Review: The Drowned

John Banville's The Drowned transports readers to a dour small town on the 1950s Irish coast, where one tragedy after another makes a small cast of characters reconsider what they know and value in the world they inhabit. In his established style, Banville (The Singularities; Snow; Ancient Light; Holy Orders writing as Benjamin Black) offers a stark series of events in understated tones and with a handful of voices. These include Dublin Detective Inspector Strafford and the brilliant pathologist Quirke.

"He had lived alone for so long, so far away from the world and its endless swarms of people, that when he saw the strange thing standing at a slight list in the middle of the field below the house, for a second he didn't know what it was." It turns out to be a luxury motorcar, abandoned, engine still running. The loner who discovers it actively avoids human contact: "Yes, life, so-called, was a birthday party gone wild, with shouting and squabbling, and games he didn't know the rules of, and one lot ganging up on the other, and knocking each other down and dancing in a ring like savages, the whole mad rampage going on in a haze of dust and noise and horrible, hot stinks." He approaches, against his better judgment, and winds up involved in a missing-person case, which will draw Strafford to town, even as the detective wrestles with his own relationships: an estranged wife, a much younger girlfriend, and ever-complicating ties to Dr. Quirke. "We have one thing in common, at least," Quirke quips to Strafford. "Death." Death is an obvious theme, not only in the two characters' professional lives but throughout Banville's troubled setting.
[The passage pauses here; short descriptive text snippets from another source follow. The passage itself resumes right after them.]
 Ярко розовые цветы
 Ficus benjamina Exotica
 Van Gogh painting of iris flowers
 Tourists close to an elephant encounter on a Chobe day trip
Enriched by Banford's attention to detail, the narrative grows more compelling in its telling by these and other characters, each suffering more or less alone even when they are married, partnered, or set next to immediate family. "The least of remembered things are the most affecting. That walk, the birdlike turn of her head, those trim ankles." The Drowned is slow building, sedately paced, and grim, but wickedly absorbing. By the mystery's denouement, some readers will have guessed the perpetrator's identity, but it is less that identity and more the psychology of it that is Banville's final blow. Through these intricacies and its murky sense of foreboding, this inexorable novel will continue to advance Banville's considerable reputation. --Julia Kastner, librarian and blogger at pagesofjulia

Shelf Talker: A recluse discovers an abandoned car and winds up involved in a missing-person case with Strafford and Quirke, who are back at work in this novel of secrets and quiet desperation.